Even before publication, it was dismissed in some quarters as an attempt to deny or belittle the existence of racism in this country. While not without fault, it does nothing of the sort. It is a serious attempt to move the national conversation beyond polarisation and towards practical solutions.
Look again at the phrasing — “Even before publication, it was dismissed in some quarters…” — in The Times’ view, those critics aren’t worthy of naming or engaging. It is not going to address the report’s biases or even try to unpick the ahistorical and offensive suggestions in Sewell’s foreword that:
There is a new story about the Caribbean experience which speaks to the slave period not only being about profit and suffering but how culturally African people transformed themselves into a re-modelled African/Britain.
Lord Woolley, the director of Operation Black Vote, who has just been announced as the first black man to lead an Oxbridge college, demolished that line of argument succinctly:
The only good narrative about the enslavement of Africans is that we survived.
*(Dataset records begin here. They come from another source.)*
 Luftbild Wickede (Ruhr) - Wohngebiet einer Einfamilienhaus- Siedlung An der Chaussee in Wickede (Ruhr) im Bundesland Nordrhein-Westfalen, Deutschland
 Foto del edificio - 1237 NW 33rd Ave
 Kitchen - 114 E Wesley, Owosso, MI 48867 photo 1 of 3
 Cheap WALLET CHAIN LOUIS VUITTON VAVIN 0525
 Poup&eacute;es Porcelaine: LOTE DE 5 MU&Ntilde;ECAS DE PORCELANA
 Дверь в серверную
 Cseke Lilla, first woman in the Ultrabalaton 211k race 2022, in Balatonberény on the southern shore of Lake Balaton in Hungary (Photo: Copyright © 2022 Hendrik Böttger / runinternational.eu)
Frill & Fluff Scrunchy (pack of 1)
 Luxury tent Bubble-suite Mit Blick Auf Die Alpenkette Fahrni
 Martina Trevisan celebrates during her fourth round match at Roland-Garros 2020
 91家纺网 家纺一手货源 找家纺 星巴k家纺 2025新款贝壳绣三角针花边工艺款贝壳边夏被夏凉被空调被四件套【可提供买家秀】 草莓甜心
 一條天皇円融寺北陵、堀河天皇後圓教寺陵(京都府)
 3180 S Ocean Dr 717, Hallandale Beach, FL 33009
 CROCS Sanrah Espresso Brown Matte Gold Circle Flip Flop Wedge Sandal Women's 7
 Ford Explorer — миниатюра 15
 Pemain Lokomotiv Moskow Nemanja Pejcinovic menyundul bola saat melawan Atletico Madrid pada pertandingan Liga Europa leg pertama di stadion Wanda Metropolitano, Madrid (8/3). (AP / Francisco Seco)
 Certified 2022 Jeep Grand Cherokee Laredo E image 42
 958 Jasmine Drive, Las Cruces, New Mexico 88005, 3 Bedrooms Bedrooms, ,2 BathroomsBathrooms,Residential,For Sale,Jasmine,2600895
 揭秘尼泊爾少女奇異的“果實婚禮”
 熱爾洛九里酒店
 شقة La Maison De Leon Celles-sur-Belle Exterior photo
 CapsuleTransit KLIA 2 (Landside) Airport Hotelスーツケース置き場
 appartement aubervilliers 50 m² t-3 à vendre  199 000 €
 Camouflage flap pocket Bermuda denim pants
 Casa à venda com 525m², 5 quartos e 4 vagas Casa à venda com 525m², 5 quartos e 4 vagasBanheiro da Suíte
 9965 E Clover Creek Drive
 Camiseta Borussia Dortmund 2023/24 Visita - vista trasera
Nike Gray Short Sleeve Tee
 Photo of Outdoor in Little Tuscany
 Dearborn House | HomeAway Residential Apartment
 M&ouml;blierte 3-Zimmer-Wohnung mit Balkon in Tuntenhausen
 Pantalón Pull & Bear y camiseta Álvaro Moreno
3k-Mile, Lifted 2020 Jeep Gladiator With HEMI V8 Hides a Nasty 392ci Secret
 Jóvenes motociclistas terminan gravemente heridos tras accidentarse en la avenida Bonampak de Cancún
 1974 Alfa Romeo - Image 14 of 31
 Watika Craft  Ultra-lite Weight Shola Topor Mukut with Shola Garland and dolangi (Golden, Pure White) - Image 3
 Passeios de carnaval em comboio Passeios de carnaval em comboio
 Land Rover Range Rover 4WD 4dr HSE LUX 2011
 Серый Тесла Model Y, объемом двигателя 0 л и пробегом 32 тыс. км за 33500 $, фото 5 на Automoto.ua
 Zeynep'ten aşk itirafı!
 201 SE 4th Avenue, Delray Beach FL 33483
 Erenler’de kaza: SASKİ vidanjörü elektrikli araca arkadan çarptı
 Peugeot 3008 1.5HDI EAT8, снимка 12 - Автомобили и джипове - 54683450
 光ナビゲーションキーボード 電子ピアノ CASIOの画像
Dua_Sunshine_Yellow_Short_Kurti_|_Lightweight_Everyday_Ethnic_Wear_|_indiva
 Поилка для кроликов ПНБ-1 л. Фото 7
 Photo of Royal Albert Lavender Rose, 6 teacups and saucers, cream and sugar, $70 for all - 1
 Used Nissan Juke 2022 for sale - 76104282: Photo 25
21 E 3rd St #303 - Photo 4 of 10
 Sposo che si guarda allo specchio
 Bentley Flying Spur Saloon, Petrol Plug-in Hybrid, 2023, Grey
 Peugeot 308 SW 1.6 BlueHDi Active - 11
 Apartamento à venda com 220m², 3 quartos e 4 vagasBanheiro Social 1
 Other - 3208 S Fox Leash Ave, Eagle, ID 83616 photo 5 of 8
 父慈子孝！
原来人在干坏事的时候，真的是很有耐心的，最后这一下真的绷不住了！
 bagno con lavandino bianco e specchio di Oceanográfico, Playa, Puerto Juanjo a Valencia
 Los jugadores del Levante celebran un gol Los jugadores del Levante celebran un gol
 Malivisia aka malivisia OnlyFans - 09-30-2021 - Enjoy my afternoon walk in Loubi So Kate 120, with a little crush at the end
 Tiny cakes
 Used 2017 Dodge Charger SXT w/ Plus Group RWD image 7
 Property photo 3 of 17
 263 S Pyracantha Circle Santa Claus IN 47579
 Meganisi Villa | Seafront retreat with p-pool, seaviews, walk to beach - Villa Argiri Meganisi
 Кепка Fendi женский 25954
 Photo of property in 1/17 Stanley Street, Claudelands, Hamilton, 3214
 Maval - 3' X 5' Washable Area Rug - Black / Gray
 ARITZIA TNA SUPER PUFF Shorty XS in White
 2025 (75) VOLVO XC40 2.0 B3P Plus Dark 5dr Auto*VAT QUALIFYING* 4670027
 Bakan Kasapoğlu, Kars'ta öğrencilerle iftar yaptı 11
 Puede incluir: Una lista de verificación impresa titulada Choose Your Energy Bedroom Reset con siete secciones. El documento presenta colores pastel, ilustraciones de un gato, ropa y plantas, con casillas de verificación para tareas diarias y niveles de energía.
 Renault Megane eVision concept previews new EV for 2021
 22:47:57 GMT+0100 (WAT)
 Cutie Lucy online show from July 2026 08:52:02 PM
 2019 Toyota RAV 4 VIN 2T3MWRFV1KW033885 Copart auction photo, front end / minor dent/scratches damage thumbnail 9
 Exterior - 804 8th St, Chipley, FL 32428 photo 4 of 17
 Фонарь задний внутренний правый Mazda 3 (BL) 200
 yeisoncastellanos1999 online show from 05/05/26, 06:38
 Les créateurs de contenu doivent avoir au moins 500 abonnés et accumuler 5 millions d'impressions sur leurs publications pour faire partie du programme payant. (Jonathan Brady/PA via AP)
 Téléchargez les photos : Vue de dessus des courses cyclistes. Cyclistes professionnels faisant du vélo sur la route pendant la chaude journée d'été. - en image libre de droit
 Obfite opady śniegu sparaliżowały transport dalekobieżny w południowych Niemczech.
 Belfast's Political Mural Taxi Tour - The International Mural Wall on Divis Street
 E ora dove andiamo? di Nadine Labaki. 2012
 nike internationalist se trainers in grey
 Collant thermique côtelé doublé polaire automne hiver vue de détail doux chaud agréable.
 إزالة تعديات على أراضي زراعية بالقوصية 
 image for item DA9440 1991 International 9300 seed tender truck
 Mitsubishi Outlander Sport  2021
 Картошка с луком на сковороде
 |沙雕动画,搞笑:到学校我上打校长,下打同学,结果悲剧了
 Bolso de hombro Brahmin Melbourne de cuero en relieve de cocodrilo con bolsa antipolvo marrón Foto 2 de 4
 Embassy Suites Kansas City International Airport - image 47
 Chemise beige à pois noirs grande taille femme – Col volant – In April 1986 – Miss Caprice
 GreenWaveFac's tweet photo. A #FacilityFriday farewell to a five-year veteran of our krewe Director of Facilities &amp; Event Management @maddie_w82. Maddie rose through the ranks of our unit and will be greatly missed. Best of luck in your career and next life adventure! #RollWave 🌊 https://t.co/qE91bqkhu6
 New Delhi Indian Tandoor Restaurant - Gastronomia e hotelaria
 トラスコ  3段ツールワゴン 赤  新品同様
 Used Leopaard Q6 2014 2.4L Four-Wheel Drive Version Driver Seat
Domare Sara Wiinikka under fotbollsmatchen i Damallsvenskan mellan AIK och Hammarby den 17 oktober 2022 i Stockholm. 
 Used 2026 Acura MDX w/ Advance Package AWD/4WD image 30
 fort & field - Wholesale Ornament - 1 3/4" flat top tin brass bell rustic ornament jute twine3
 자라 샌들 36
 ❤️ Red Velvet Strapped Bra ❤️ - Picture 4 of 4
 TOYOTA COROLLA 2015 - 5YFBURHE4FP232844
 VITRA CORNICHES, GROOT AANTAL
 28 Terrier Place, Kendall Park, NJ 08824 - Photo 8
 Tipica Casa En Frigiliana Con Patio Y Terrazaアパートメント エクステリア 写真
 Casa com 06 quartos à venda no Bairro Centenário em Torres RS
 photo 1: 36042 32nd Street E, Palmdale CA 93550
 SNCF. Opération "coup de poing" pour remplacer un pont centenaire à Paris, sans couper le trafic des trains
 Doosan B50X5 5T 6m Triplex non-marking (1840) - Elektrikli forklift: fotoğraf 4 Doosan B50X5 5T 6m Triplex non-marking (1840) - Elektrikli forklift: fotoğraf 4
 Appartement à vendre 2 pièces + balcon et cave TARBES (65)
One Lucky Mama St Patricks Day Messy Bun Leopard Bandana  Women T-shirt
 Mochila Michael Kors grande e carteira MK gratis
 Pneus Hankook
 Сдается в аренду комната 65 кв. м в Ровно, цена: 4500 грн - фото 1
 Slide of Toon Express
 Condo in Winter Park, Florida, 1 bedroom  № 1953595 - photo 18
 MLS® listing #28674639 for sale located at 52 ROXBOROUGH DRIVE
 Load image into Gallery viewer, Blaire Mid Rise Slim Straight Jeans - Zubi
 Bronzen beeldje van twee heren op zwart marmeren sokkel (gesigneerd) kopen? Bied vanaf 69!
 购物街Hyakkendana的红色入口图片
This propensity from the architects, the authors of this report, to change the narrative is becoming gut-wrenching… there is a trajectory that seeks to have a culture war when the tens of thousands of people wanted to protest against the statues of slave owners who have been revered.
The Times is still seen by some as “the paper of record”, but it’s more The Sun in more expensive shoes and with less of a tendency to put on what it imagines is a ‘working class’ accent. It exists to support, defend, and further the status quo to such an extent that Rocking All Over The World should be played in its newsroom at all times.
It’s no surprise that a paper that regularly prints columns by Melanie Phillips — who was quoted favourably several times in Anders Behring Breivik’s manifesto — and thinks nothing of printing Clare Foges’ persistent attacks on Gypsy, Roma and Traveller communities should find the Commission’s report compelling.
Day in day out, The Times acts as a megaphone for a political and media culture that tells you to ignore what your eyes and ears tell you in favour of an established line. While it still affects to ‘speak truth to power’ in investigations on its news pages, the underlying story it tells is one of Britain being ‘great’, our leaders basically being fine, and our complaints being ‘snowflake wokery’ from people who just didn’t pull hard enough on their bootstraps.
As Nadine White writes, the report was “months overdue… 258 pages long” and “feature some staggering assertions – and a lot of glaring omissions”. If The Times was inclined to read the document as carefully as White has, it would struggle to excuse the cherry-picked data, gaslighting tone, and clear evidence that the conclusion was written before the work was even begun.
But that doesn’t fit with its worldview so instead we get a leader column that concludes that “nobody approaching the commission’s report in good faith could disagree.” Did none of The Times leader writers read their own colleague Sathnam Sanghera’s recent book Empireland?
Qwhite hard to work out why the newspapers would be so keen to accept claims that institutionalised racism isn’t a thing, isn’t it?